Infirmières: des jours meilleurs?

ÉDITORIAL / Est-ce la fin des Émilie Ricard, ces infirmières débordées, épuisées au point qu’elles deviennent à leur tour malades parce qu’elles ne peuvent donner les soins requis aux trop nombreux patients dont elles ont la charge? En campagne électorale, tous les partis s’engagent à améliorer le sort des ces professionnelles de la santé appréciées du public. Les infirmières ont toutefois intérêt à ne pas baisser la garde.

Beaucoup d’espoir est mis dans les projets pilotes de ratio infirmière-patients sécuritaire lancés ce printemps (d’autres débuteront plus tard cet automne) par le ministre Gaétan Barrette et la Fédération interprofessionnelle de la santé du Québec (FIQ).

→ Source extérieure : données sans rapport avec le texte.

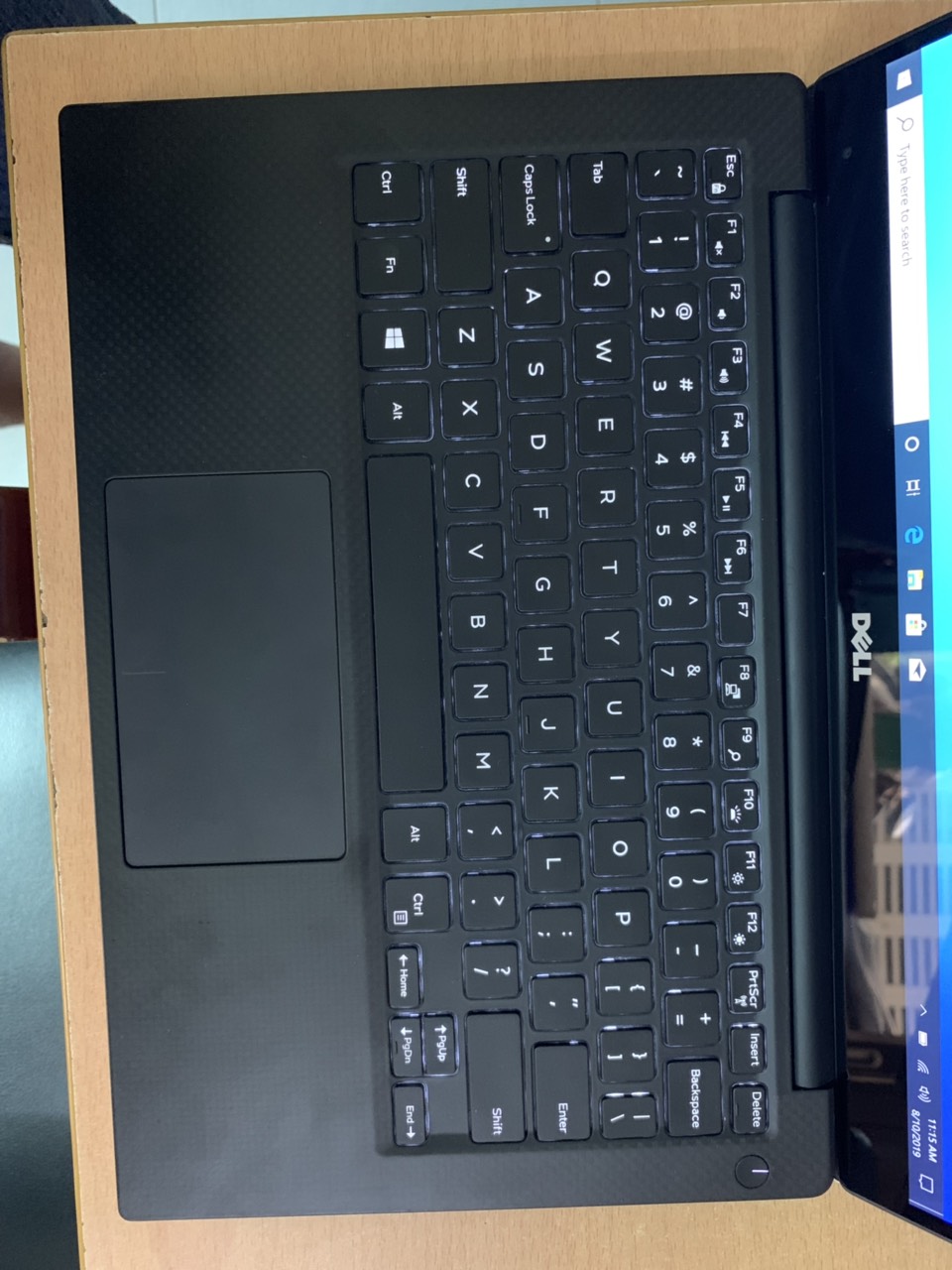 DELL XPS 9360 I5 7200U 8GB 512GB 13.3"FHD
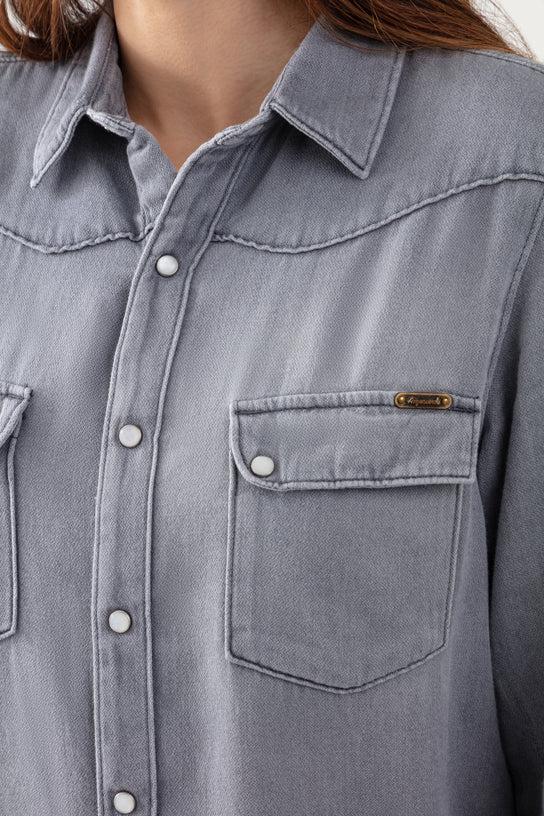 Acquaverde Chemise Clyde - Used Grey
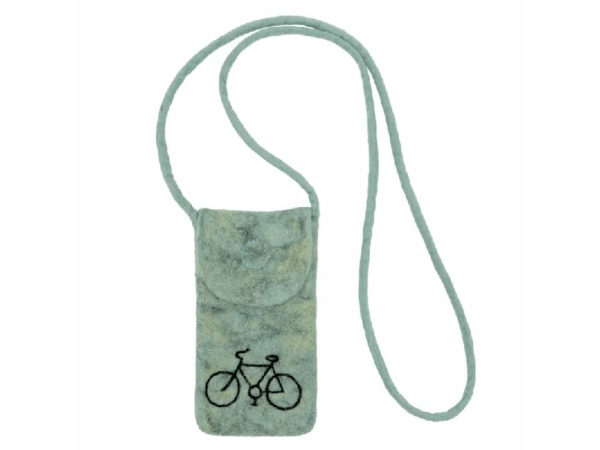 Handytasche: Fahrrad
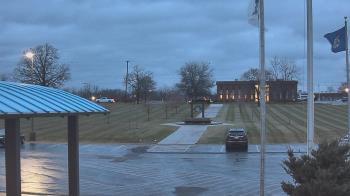 Weather camera view of Adrian Public Schools.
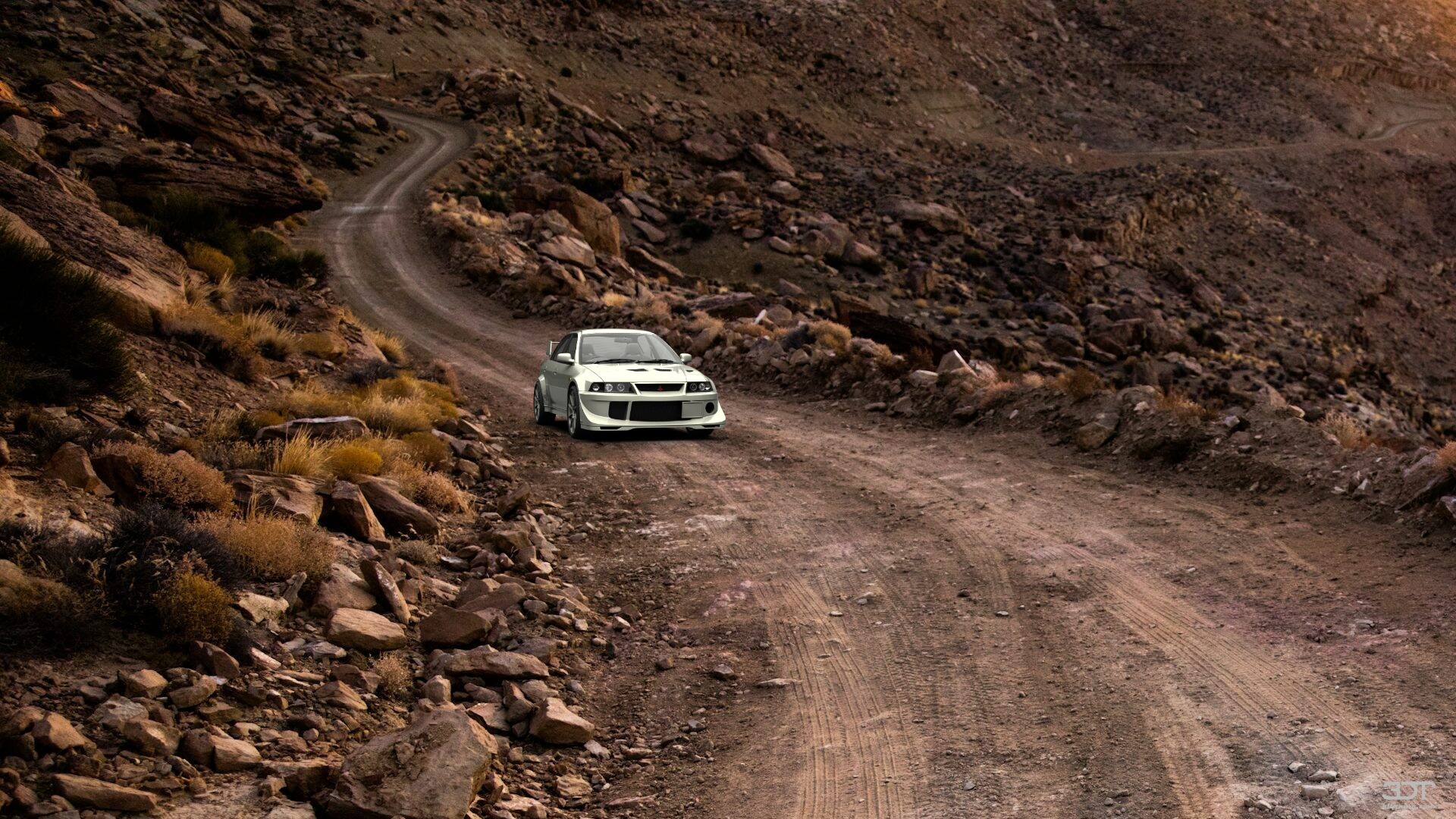 Mitsubishi Lancer Evo VI Sedan 1999 tuning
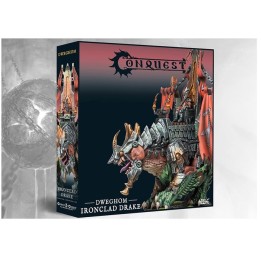Drake Cuirassé - Dweghom | Jeux et Trolleries | Spécialiste des jeux de société, jeux de cartes et wargames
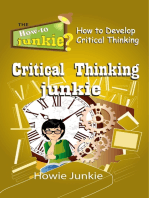 Critical Thinking Junkie: How to Develop Critical Thinking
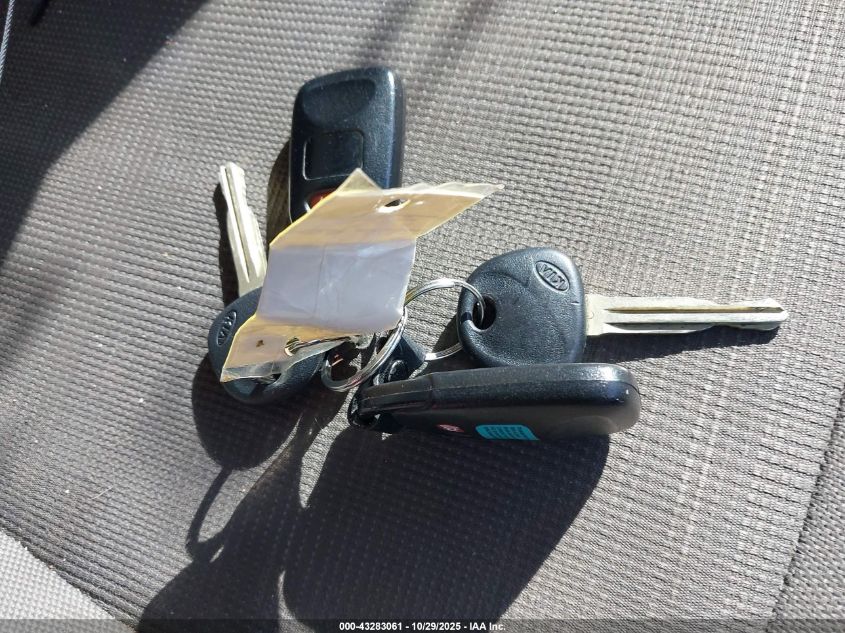 2011 Kia Sportage Lx VIN: KNDPBCA28B7084248 Lot: 43283061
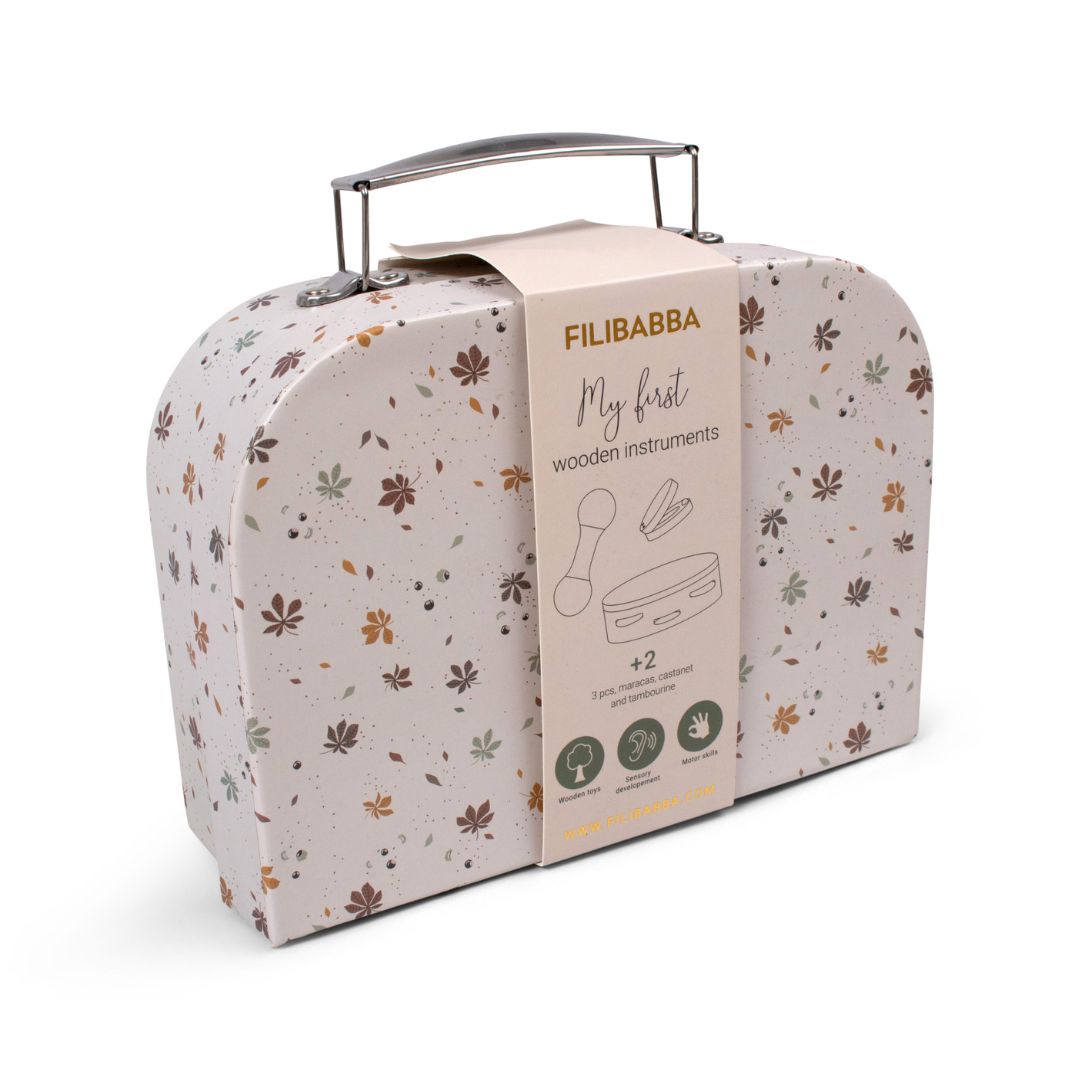 Filibabba Pappveske Instrumentleker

Après le cri du cœur lancé en janvier par l’infirmière Émilie Ricard, Québec a enfin mis en branle ce qu’il s’était pourtant engagé à faire en 2015, soit trouver un ratio patients-infirmières correspondant aux réalités d’aujourd’hui, et ce afin d’alléger la tâche du personnel et réduire le recours au temps supplémentaire.

Il a fallu le témoignage de la jeune infirmière de l’Estrie devenu viral sur Facebook pour que Gaétan Barrette et son équipe s’activent enfin.

L’exercice enclenché, est-ce vraiment la fin de la surcharge de travail et de la dégradation de la pratique que les infirmières et leurs syndicats déplorent depuis 25 ans?

La FIQ mise sur l’établissement de nouveaux ratios pour donner de l’oxygène à ses membres. Elle réclame une loi, comme l’a fait la Californie, pour attirer dans le réseau public les infirmières qui l’ont délaissé.

Les candidates du Parti libéral, de la CAQ, du PQ et de Québec solidaire qui participaient mercredi au débat sur la santé organisé par la FIQ ont toutes manifesté une ouverture à l’adoption d’une loi à la fin des projets pilotes.

Une ouverture n’est cependant pas un engagement ferme à aller dans cette direction.

Mener des projets pilotes n’est pas non plus une garantie que les nouveaux ratios seront rapidement déployés dans tous les établissements.

Il faut du personnel qualifié et disponible, et également, des ressources financières suffisantes pour concrétiser le tout.

Si le gouvernement Couillard a fixé cette année à 4,6 % la croissance des dépenses en santé, il avait été beaucoup moins généreux les années précédentes, faisant fi du 4 % promis en campagne électorale. Dans le rapport préélectoral des Finances, il prévoit encore une croissance annuelle moyenne de 4 % des dépenses en santé. Étant donné qu’il faut 3,8 % pour couvrir les coûts de système et maintenir le panier de services, la marge de manœuvre pour bonifier les conditions de travail des infirmières est mince. D’autant plus que les besoins en santé ne diminueront pas avec le vieillissement de la population du Québec.

Dans le cadre des projets pilotes, le nombre de patients dont doit s’occuper une infirmière la nuit dans un CHSLD a été réduit de moitié. La professionnelle veillera entre 37 et 44 patients plutôt que 76 à 96.

Il faudra donc embaucher plus de personnel, et pour y parvenir il ne suffit pas d’afficher massivement des postes à temps plein. Il faut également offrir des conditions de travail qui ne mènent pas à un épuisement professionnel ou un changement de carrière. Les infirmières doivent avoir la garantie qu’elles ne se retrouveront pas à nouveau avec trop de patients, des heures supplémentaires de travail obligatoires et un risque accru d’erreurs professionnelles.

Les conventions collectives des infirmières membres de la FIQ viendront à échéance au printemps 2020. Ce sera le test du réel pour le gouvernement et le moment de vérité sur la valeur des engagements formulés en campagne électorale.